The so-called definitive host -- where the parasites reach maturity and reproduce -- for the dog tapeworm is dogs and other canids, including foxes, wolves, and dingoes. However, the larval cysts can be found in the fur of infected dogs and transferred to intermediate hosts, including humans. They can also be ingested from contaminated food or water. They are not transmissible from human to human.

Ingested orally, the slow-growing cysts lodge in various locations, most often the lungs and the liver. Left untreated, they can be fatal.

Treatment often requires surgical removal of cysts, which can be perilous because rupturing the cyst can produce anaphylactic shock. There are also antiparasitic drug treatments available which must be taken over a period of several months.

"My son's health is my main concern," Kuznetsov told RFE/RL. "I used to be a veterinarian and I know that the cysts don't just disappear. My Nikita has two cysts in his lungs and three in his liver. He will need two serious operations in his chest and abdomen. Imagine a cyst full of fluid that is about the size of a five-ruble coin (25 millimeters). They say that if you take the medicine instead, the cysts will dry out. But you still have an alien substance inside your body."

Experts estimate that the cadets were infected sometime in the autumn, at the latest. At that time, food was provided to the academy by an Ulyanovsk firm called Torgovy Dom SPP. SPP Director Sergei Kondryev told RFE/RL he doubts that food provided by his firm caused the infections.

"We don't know the results of any investigations and no one has given us anything official," he told RFE/RL. "[The state consumer-protection agency] Rospotrebnadzor has requested our documentation, and that is all. Did something happen a year ago? I'm not sure. Everything we provided was checked and the academy never rejected anything."

After December 15, 2018, the contract to provide food for the academy was taken over by a firm called Pishchevik, which is part of the Konkord catering group that is owned by tycoon Yevgeny

Businessman Yevgeny Prigozhin (left) shows Russian President Vladimir Putin around a St. Petersburg factory of his that produces school lunches.

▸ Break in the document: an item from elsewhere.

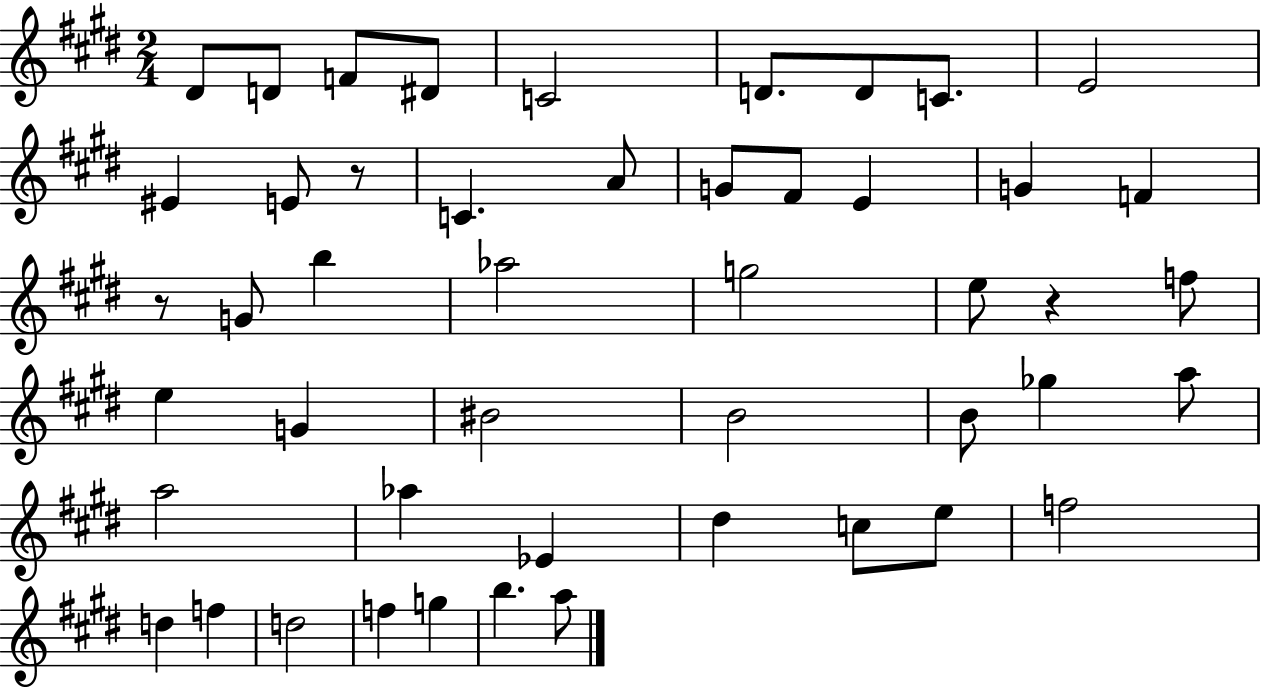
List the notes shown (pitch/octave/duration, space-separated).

D#4/e D4/e F4/e D#4/e C4/h D4/e. D4/e C4/e. E4/h EIS4/q E4/e R/e C4/q. A4/e G4/e F#4/e E4/q G4/q F4/q R/e G4/e B5/q Ab5/h G5/h E5/e R/q F5/e E5/q G4/q BIS4/h B4/h B4/e Gb5/q A5/e A5/h Ab5/q Eb4/q D#5/q C5/e E5/e F5/h D5/q F5/q D5/h F5/q G5/q B5/q. A5/e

Prigozhin, a longtime acquaintance of President Vladimir Putin, is a controversial figure who controls the Vagner mercenary company, whose fighters have been identified in Ukraine and Syria; and the Internet Research Agency, the so-called St. Petersburg troll factory that is believed to have carried out aggressive influence campaigns in Western Europe and the United States.

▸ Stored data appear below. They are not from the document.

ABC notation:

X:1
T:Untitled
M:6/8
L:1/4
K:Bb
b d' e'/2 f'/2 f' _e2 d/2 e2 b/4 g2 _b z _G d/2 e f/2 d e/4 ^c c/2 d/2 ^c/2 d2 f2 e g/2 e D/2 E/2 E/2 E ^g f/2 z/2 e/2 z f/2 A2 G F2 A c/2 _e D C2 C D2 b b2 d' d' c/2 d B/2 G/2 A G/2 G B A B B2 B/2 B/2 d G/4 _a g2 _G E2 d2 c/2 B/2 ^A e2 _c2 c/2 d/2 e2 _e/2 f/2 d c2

Kondryev refused to discuss why SPP did not make any efforts to keep the lucrative contract. One of the unsubstantiated conspiracy theories in the air around the mystery is that some food may have been contaminated intentionally as part of a commercial dispute to discredit a competitor.

Further conspiratorial speculation was fueled when a commander from the academy joked at the general meeting about the outbreak that it was an American diversion against Russia in which the CIA infected a dog and let it loose among the cadets. Since the meeting, various versions of that theory have been circulating, parents told RFE/RL.

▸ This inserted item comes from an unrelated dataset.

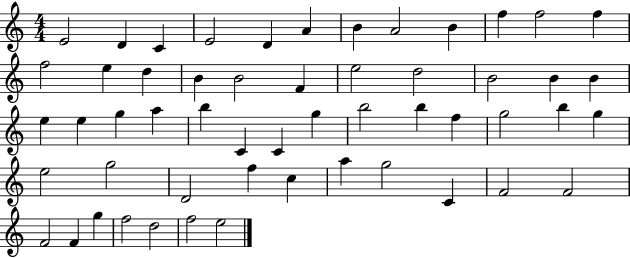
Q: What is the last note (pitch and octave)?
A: E5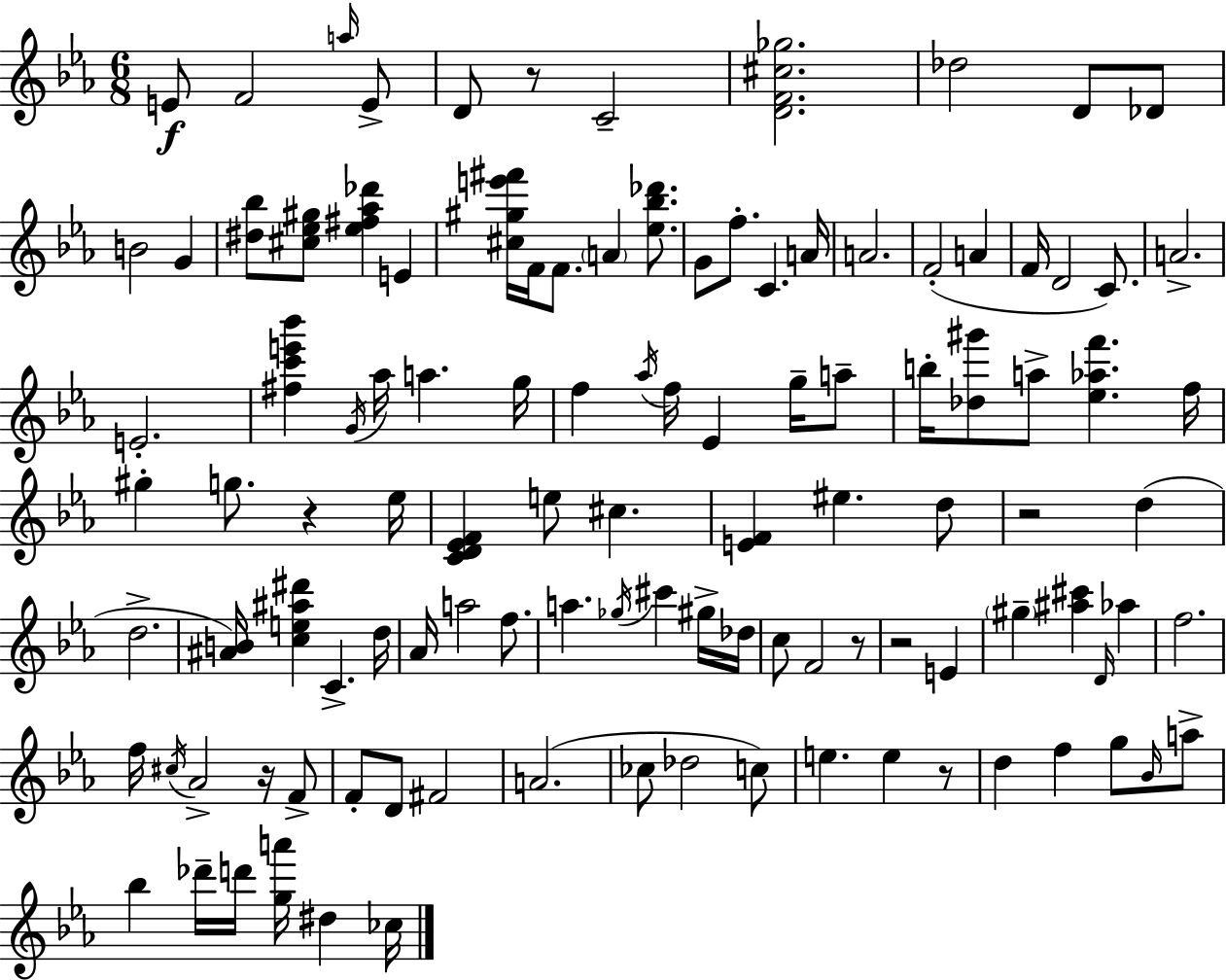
E4/e F4/h A5/s E4/e D4/e R/e C4/h [D4,F4,C#5,Gb5]/h. Db5/h D4/e Db4/e B4/h G4/q [D#5,Bb5]/e [C#5,Eb5,G#5]/e [Eb5,F#5,Ab5,Db6]/q E4/q [C#5,G#5,E6,F#6]/s F4/s F4/e. A4/q [Eb5,Bb5,Db6]/e. G4/e F5/e. C4/q. A4/s A4/h. F4/h A4/q F4/s D4/h C4/e. A4/h. E4/h. [F#5,C6,E6,Bb6]/q G4/s Ab5/s A5/q. G5/s F5/q Ab5/s F5/s Eb4/q G5/s A5/e B5/s [Db5,G#6]/e A5/e [Eb5,Ab5,F6]/q. F5/s G#5/q G5/e. R/q Eb5/s [C4,D4,Eb4,F4]/q E5/e C#5/q. [E4,F4]/q EIS5/q. D5/e R/h D5/q D5/h. [A#4,B4]/s [C5,E5,A#5,D#6]/q C4/q. D5/s Ab4/s A5/h F5/e. A5/q. Gb5/s C#6/q G#5/s Db5/s C5/e F4/h R/e R/h E4/q G#5/q [A#5,C#6]/q D4/s Ab5/q F5/h. F5/s C#5/s Ab4/h R/s F4/e F4/e D4/e F#4/h A4/h. CES5/e Db5/h C5/e E5/q. E5/q R/e D5/q F5/q G5/e Bb4/s A5/e Bb5/q Db6/s D6/s [G5,A6]/s D#5/q CES5/s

Aleksandr Brazhko, an activist with the local Consumers' Union in Ulyanovsk, sent an open appeal to Anna Kuznetsova, Putin's ombudswoman on the rights of children, in which he argued that the Defense Ministry might conceal information vital to public safety in order to protect itself and urged that the Health Ministry and the Public Chamber launch its own investigation "without the participation of interested parties."

"In this case the real cause of the infection can only be established by an independent commission," Brazhko told RFE/RL. "There is an ironclad rule -- when the cash register comes up short, you don't ask the cashier to investigate. The head of the academy represents the interests of the academy and when something conflicts with those interests, he is obligated to say that there is no problem."

Kuznetsov said he plans to take his son to Moscow at his own expense for an examination and, if necessary, to arrange for surgery himself.

"The Defense Ministry will never take such responsibility upon itself," he said, "and will never admit that something was their fault."

As for the military's investigation, he said: "I only know that in the end they will find the guilty party -- the cadets and a stray dog."